# Work item
Every line of the data should be written out exactly, with the pictures left out.

# Supplied information
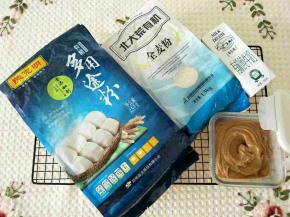 准备面粉，我的是如图所示，水量根据面粉不同会有所调整。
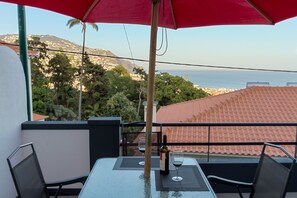 Outdoor dining - Fortress Home I - In the historical center of Funchal (Funchal)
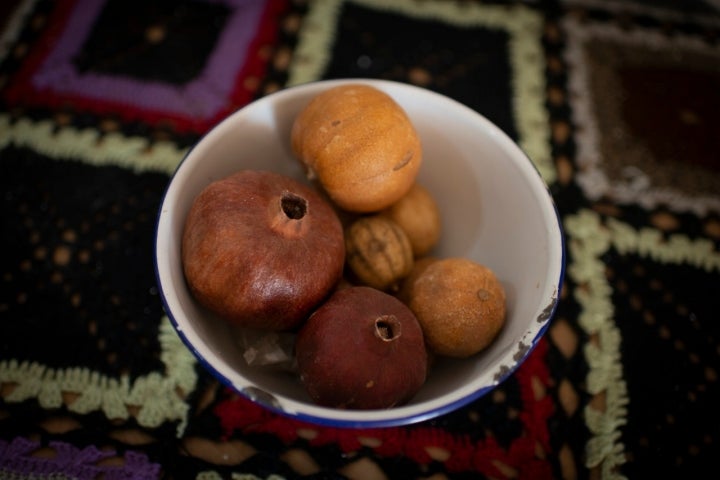 Las granadas y las naranjas sobre el tapete de ganchillo. Un clásico.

# Response
 准备面粉，我的是如图所示，水量根据面粉不同会有所调整。
 Outdoor dining - Fortress Home I - In the historical center of Funchal (Funchal)
 Las granadas y las naranjas sobre el tapete de ganchillo. Un clásico.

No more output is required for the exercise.